***** Available data *****

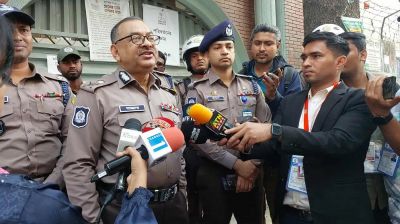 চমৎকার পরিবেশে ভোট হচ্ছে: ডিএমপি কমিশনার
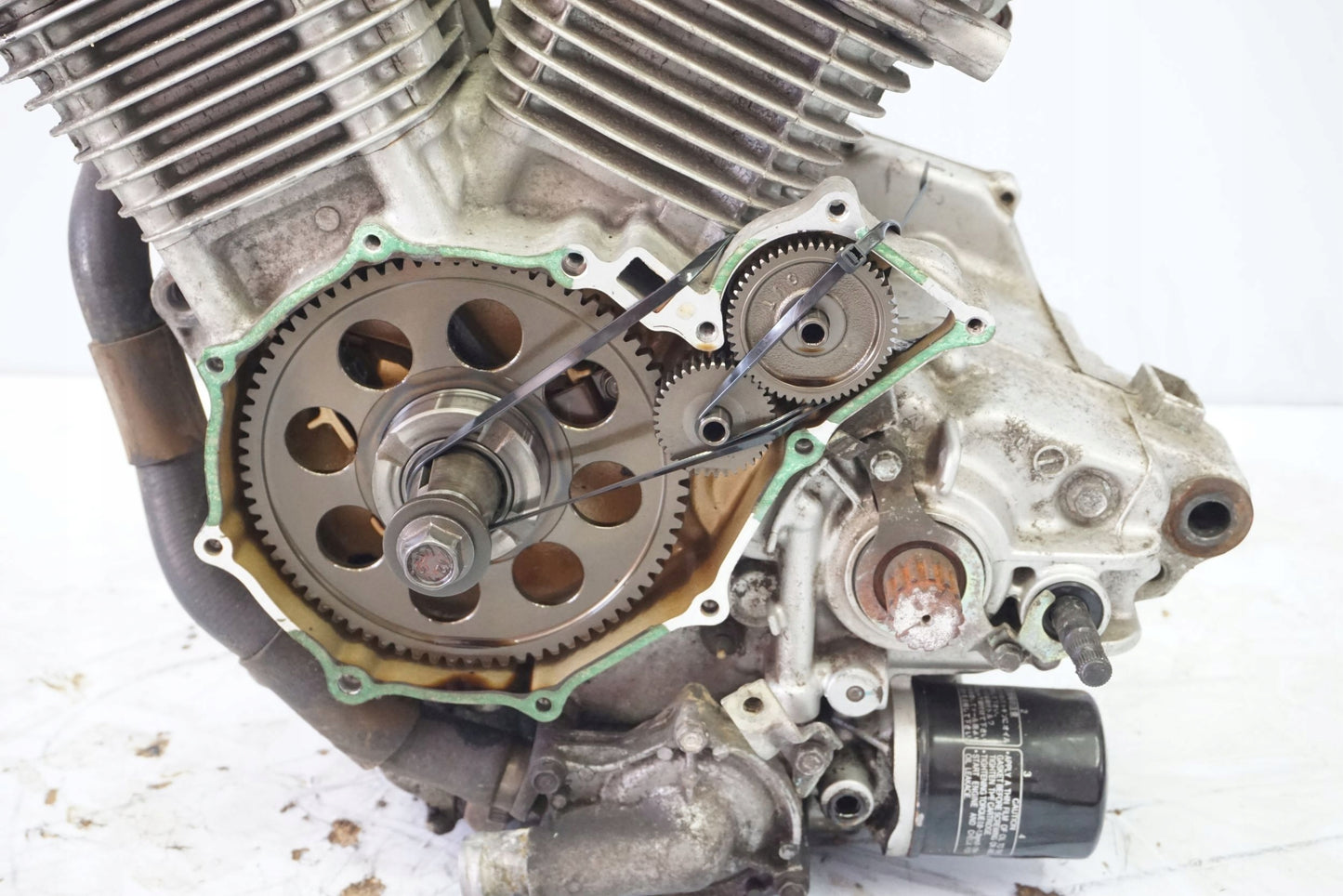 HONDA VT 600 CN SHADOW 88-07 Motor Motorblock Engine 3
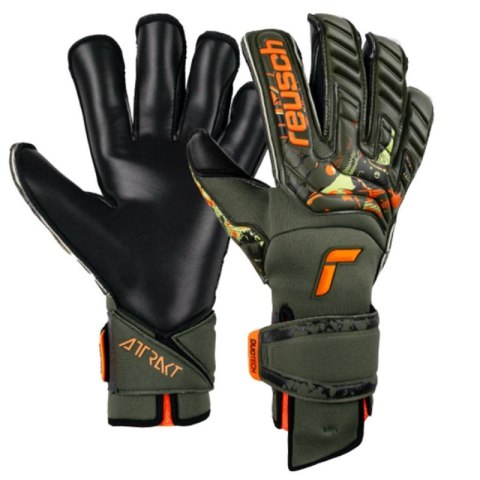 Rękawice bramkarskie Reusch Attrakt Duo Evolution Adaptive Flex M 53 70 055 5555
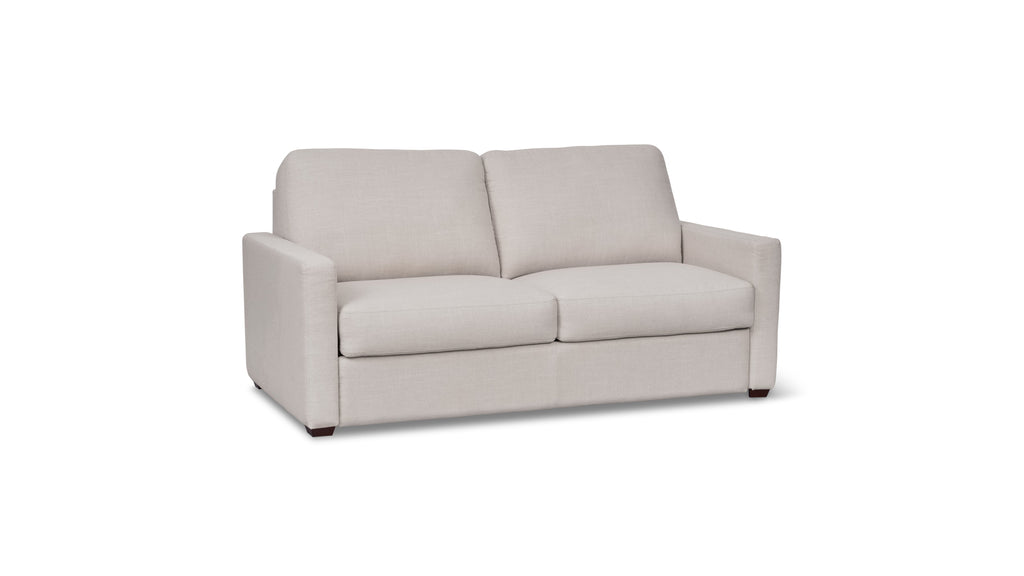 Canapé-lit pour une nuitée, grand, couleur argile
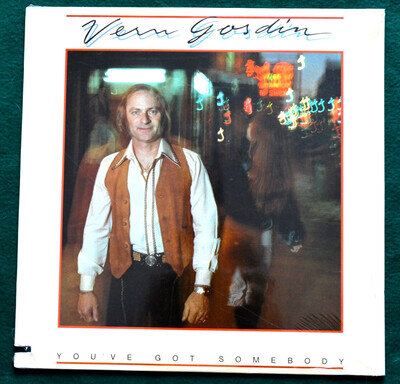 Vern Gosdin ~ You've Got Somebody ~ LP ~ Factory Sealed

*****

[Task description] Restate the data above word for word, so that the only difference is the missing pictures.

[Answer space]
 চমৎকার পরিবেশে ভোট হচ্ছে: ডিএমপি কমিশনার
 HONDA VT 600 CN SHADOW 88-07 Motor Motorblock Engine 3
 Rękawice bramkarskie Reusch Attrakt Duo Evolution Adaptive Flex M 53 70 055 5555
 Canapé-lit pour une nuitée, grand, couleur argile
 Vern Gosdin ~ You've Got Somebody ~ LP ~ Factory Sealed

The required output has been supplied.